GithubHelp home page GithubHelp logo

bbc / unicode-bidirectional Goto Github PK

View Code? Open in Web Editor NEW
48.0 40.0 11.0 1.74 MB

A Javascript implementation of the Unicode 9.0.0 Bidirectional Algorithm

License: MIT License

JavaScript 98.33% HTML 1.13% Shell 0.54%
unicode-bidirectional-algorithm unicode frontend library dpub innovation

unicode-bidirectional's Introduction

unicode-bidirectional

Code Climate Test Coverage Build Status
A Javascript implementation of the Unicode 9.0.0 Bidirectional Algorithm

This is an implementation of the Unicode Bidirectional Algorithm (UAX #9) that works in both Browser and Node.js environments. The implementation is conformant as per definition UAX#9-C1.

Installation

npm install unicode-bidirectional --save

Usage

unicode-bidirectional is declared as a Universal Module (UMD), meaning it can be used with all conventional Javascript module systems:

1. ES6

import { resolve, reorder } from 'unicode-bidirectional';

const codepoints = [0x28, 0x29, 0x2A, 0x05D0, 0x05D1, 0x05D2]
const levels = resolve(codepoints, 0);  // [0, 0, 0, 1, 1, 1]
const reordering = reorder(codepoints, levels); // [0x28, 0x29, 0x2A, 0x05D2, 0x05D1, 0x05D0]

2. CommonJS

var UnicodeBidirectional = require('unicode-bidirectional/dist/unicode.bidirectional');
var resolve = UnicodeBidirectional.resolve;
var reorder = UnicodeBidirectional.reorder;

var codepoints = [0x28, 0x29, 0x2A, 0x05D0, 0x05D1, 0x05D2]
var levels = resolve(codepoints, 0);  // [0, 0, 0, 1, 1, 1]
var reordering = reorder(codepoints, levels); // [0x28, 0x29, 0x2A, 0x05D2, 0x05D1, 0x05D0]

3. RequireJS

require(['UnicodeBidirectional'], function (UnicodeBidirectional) {
  var resolve = UnicodeBidirectional.resolve;
  var reorder = UnicodeBidirectional.reorder;

  var codepoints = [0x28, 0x29, 0x2A, 0x05D0, 0x05D1, 0x05D2]
  var levels = resolve(codepoints, 0);  // [0, 0, 0, 1, 1, 1]
  var reordering = reorder(codepoints, levels); // [0x28, 0x29, 0x2A, 0x05D2, 0x05D1, 0x05D0]
});

4. HTML5 <script> tag

<script src="unicode.bidirectional.js" /> <!-- exposes window.UnicodeBidirectional -->
var resolve = UnicodeBidirectional.resolve;
var reorder = UnicodeBidirectional.reorder;

var codepoints = [0x28, 0x29, 0x2A, 0x05D0, 0x05D1, 0x05D2]
var levels = resolve(codepoints, 0);  // [0, 0, 0, 1, 1, 1]
var reordering = reorder(codepoints, levels); // [0x28, 0x29, 0x2A, 0x05D2, 0x05D1, 0x05D0]

You can download unicode.bidirectional.js from Releases. Using this file with a <script> tag will expose UnicodeBidirectional as global variable on the window object.

API

resolve(codepoints, paragraphlevel[, automaticLevel = false])

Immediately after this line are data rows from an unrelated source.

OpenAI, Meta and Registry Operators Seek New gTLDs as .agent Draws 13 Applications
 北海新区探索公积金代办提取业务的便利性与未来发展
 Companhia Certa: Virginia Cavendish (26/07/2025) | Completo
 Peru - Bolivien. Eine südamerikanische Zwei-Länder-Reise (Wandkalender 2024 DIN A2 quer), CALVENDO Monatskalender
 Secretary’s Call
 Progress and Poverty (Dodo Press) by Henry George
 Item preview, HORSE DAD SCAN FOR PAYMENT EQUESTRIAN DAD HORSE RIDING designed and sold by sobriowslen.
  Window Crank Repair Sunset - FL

Returns the resolved levels associated to each codepoint in codepoints[1]. This levels array determines: (i) the relative nesting of LTR and RTL characters, and hence (ii) how characters should be reversed when displayed on the screen.

The input codepoints are assumed to be all be in one paragraph that has a base direction of paragraphLevel – this is a Number that is either 0 or 1 and represents whether the paragraph is left-to-right (0) or right-to-left (1). automaticLevel is an optional Boolean flag that when present and set to true, causes this function to ignore the paragraphlevel argument and instead attempt to deduce the paragraph level from the codepoints. [2]
Neither of the two input arrays are mutated.

reorder(codepoints, levels)

Returns the codepoints in codepoints reordered (i.e. permuted) according the levels array. [3]
Neither of the two input arrays are mutated.

reorderPermutation(levels[, IGNORE_INVISIBLE = false])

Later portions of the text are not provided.